**Work instructions**
Take the records below and set down exactly the lines from the one with "DiDi Star: Normal" to the one with "Eera_Gold_Tone_Analog_Bracelet_Watch_For_Women", ends included; do not copy the pictures.

**Records to process**

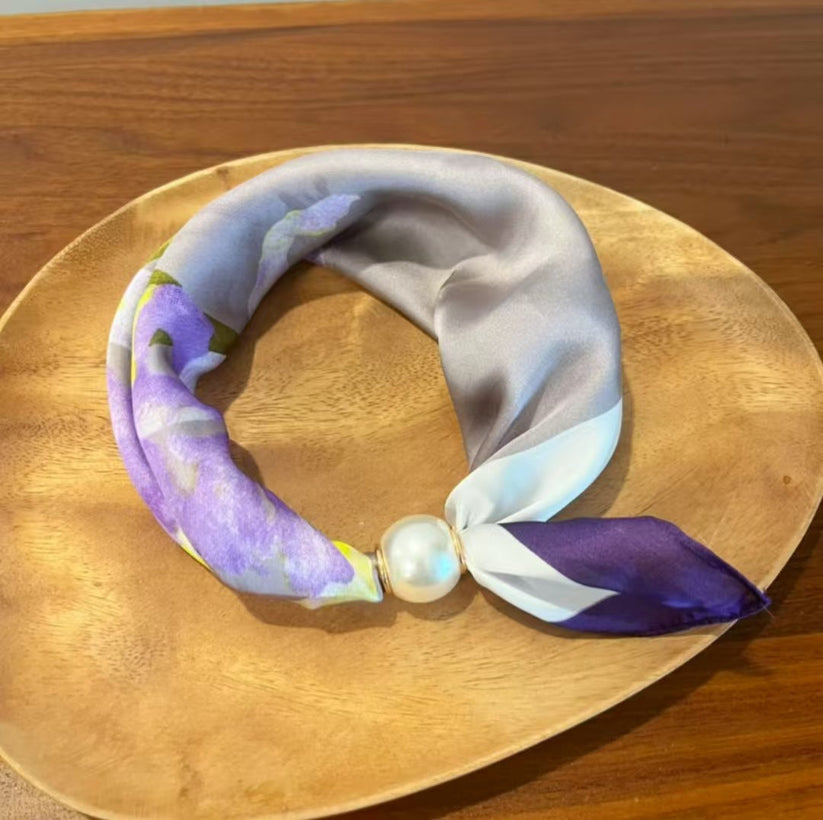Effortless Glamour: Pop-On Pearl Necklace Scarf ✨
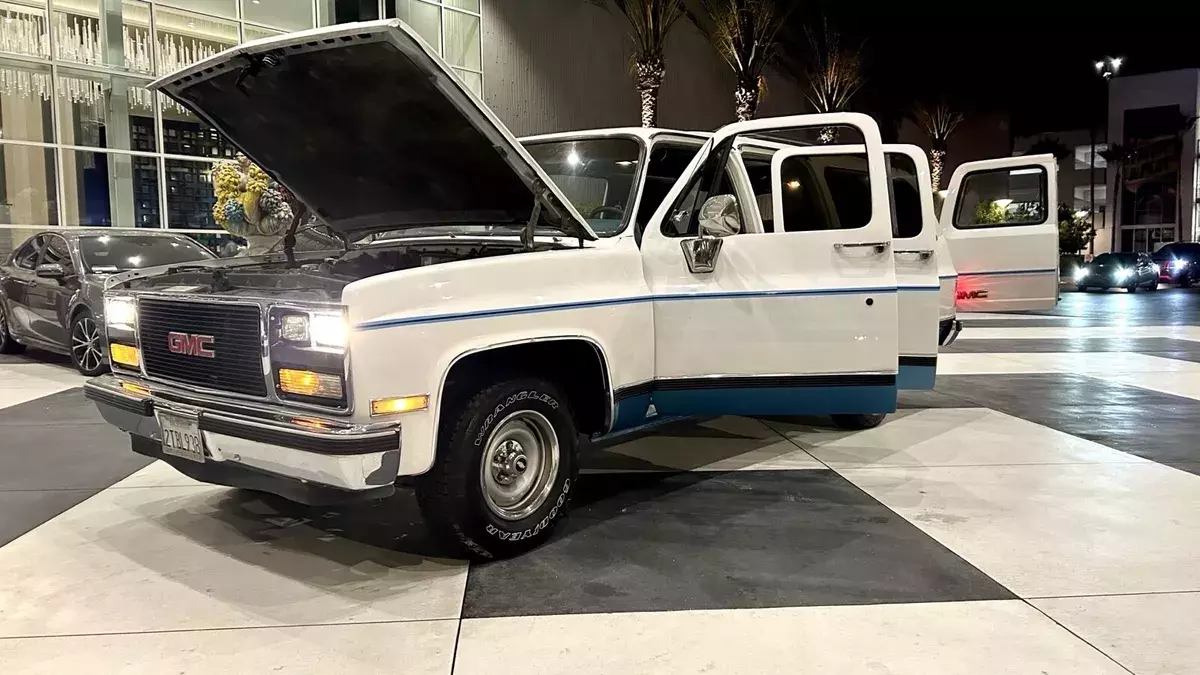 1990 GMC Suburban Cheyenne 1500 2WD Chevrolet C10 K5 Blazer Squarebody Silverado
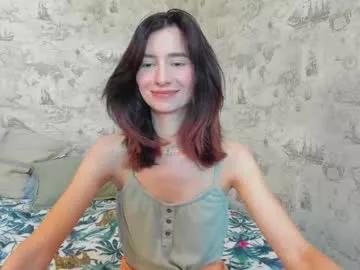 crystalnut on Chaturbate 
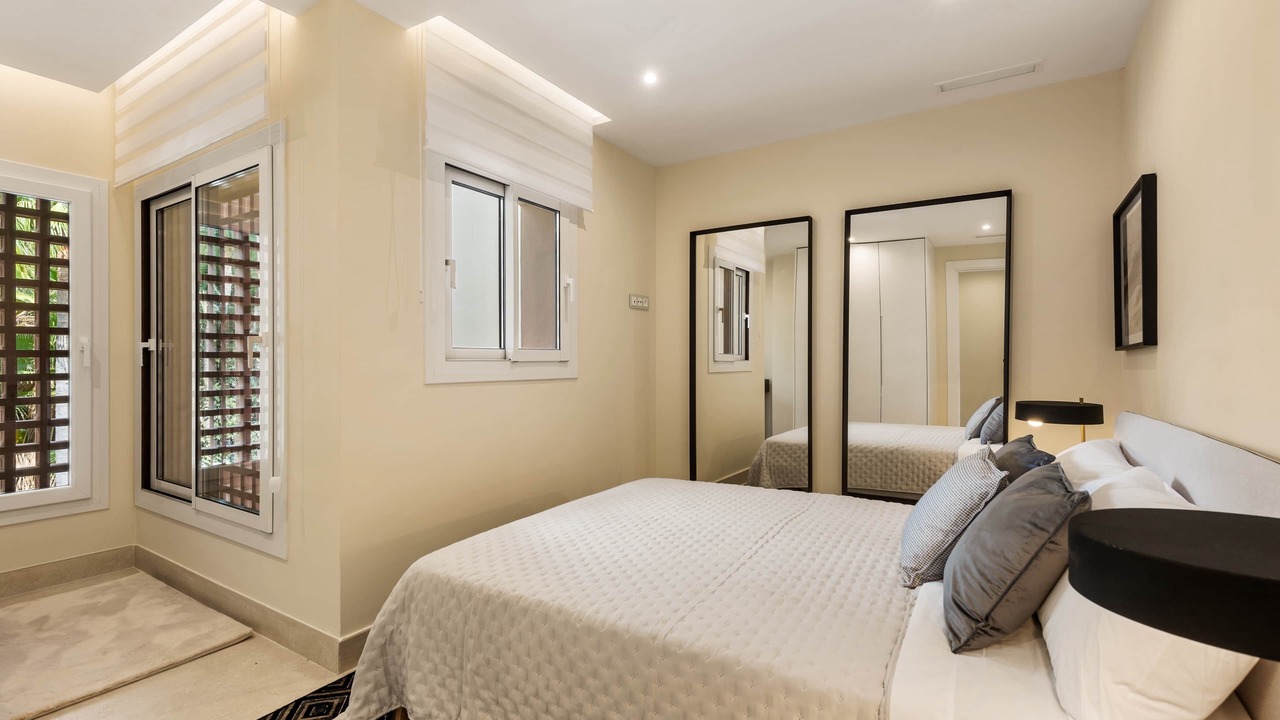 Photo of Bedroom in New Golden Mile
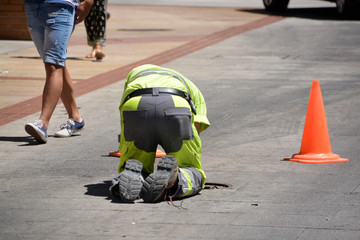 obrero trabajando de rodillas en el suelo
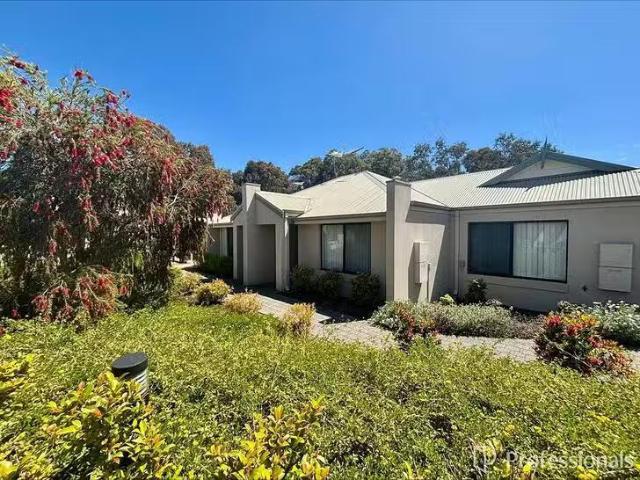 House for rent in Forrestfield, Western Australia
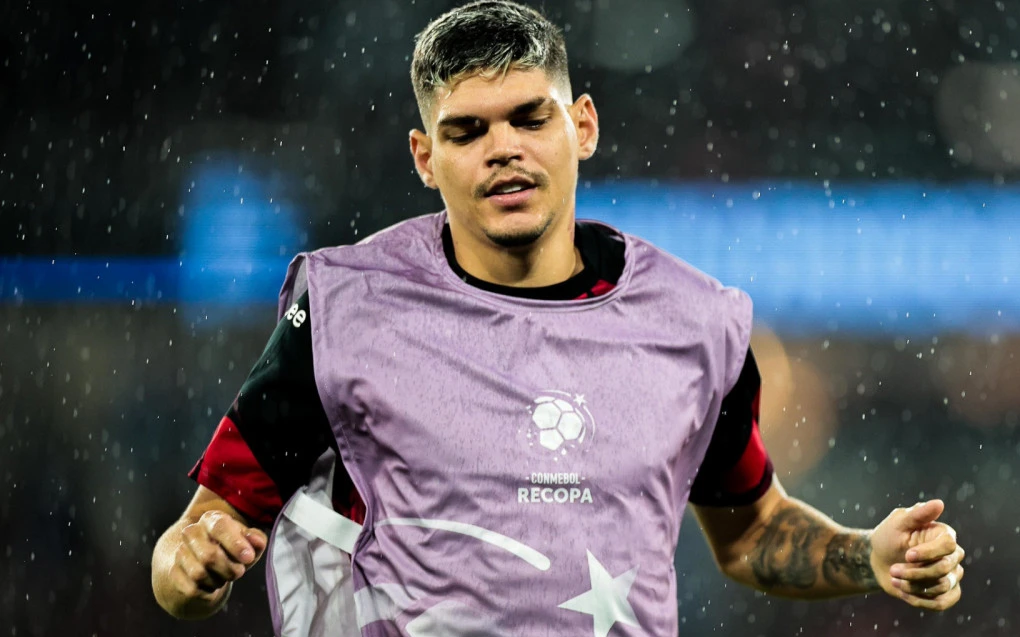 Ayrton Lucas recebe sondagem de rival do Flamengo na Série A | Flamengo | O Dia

---

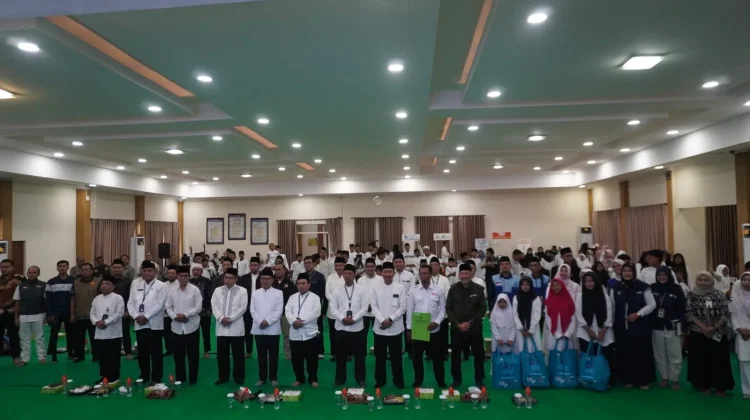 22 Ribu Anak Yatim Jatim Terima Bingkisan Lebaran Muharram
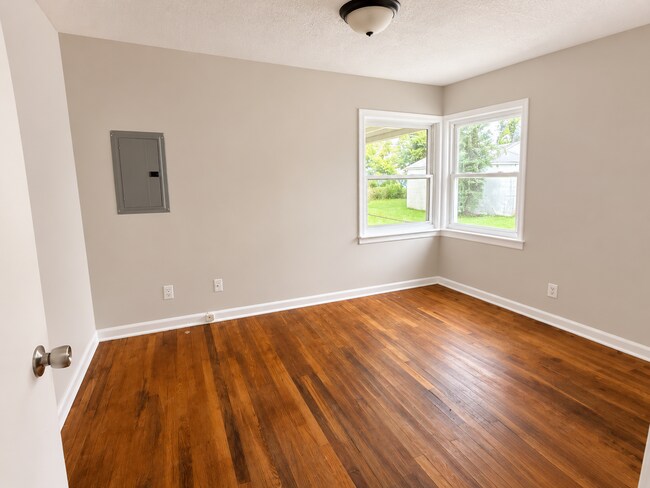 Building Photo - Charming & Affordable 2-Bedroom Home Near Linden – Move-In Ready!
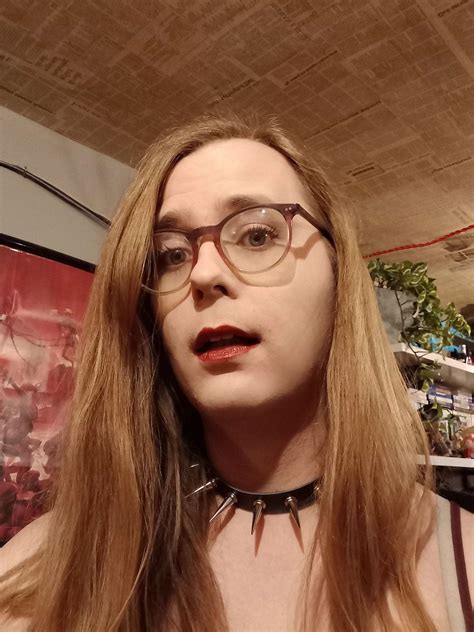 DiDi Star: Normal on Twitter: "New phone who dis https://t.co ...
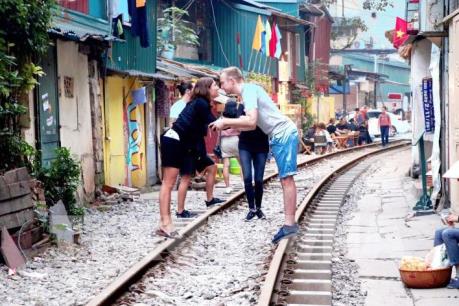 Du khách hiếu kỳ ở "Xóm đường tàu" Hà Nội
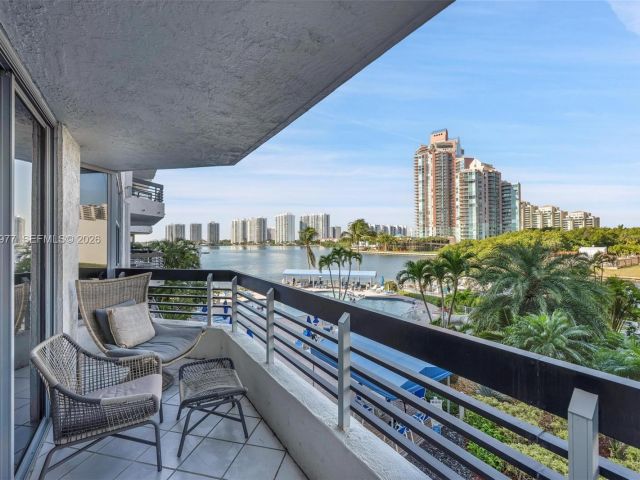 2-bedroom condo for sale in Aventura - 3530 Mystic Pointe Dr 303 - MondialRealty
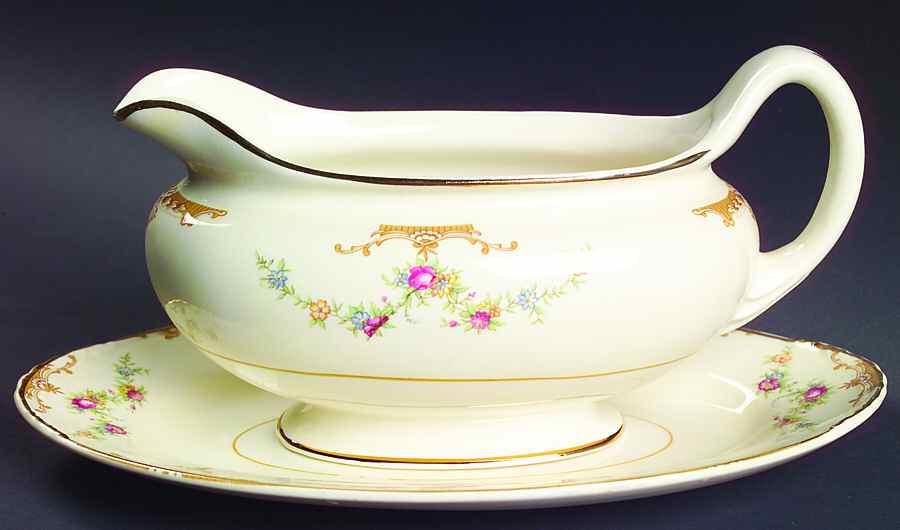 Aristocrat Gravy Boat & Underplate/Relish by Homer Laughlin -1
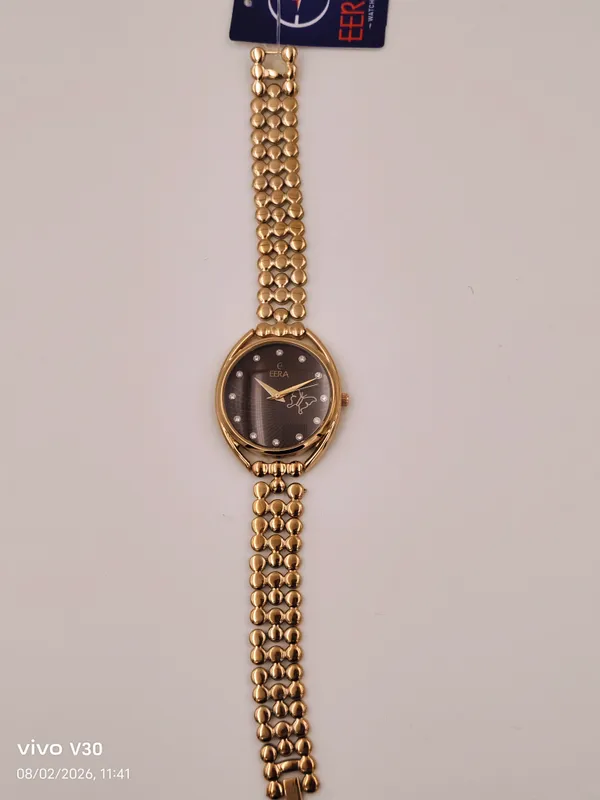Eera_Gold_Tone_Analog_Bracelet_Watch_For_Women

* * *

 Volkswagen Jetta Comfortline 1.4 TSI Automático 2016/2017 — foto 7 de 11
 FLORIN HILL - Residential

**Reply to the exercise**
 DiDi Star: Normal on Twitter: "New phone who dis https://t.co ...
 Du khách hiếu kỳ ở "Xóm đường tàu" Hà Nội
 2-bedroom condo for sale in Aventura - 3530 Mystic Pointe Dr 303 - MondialRealty
 Aristocrat Gravy Boat & Underplate/Relish by Homer Laughlin -1
Eera_Gold_Tone_Analog_Bracelet_Watch_For_Women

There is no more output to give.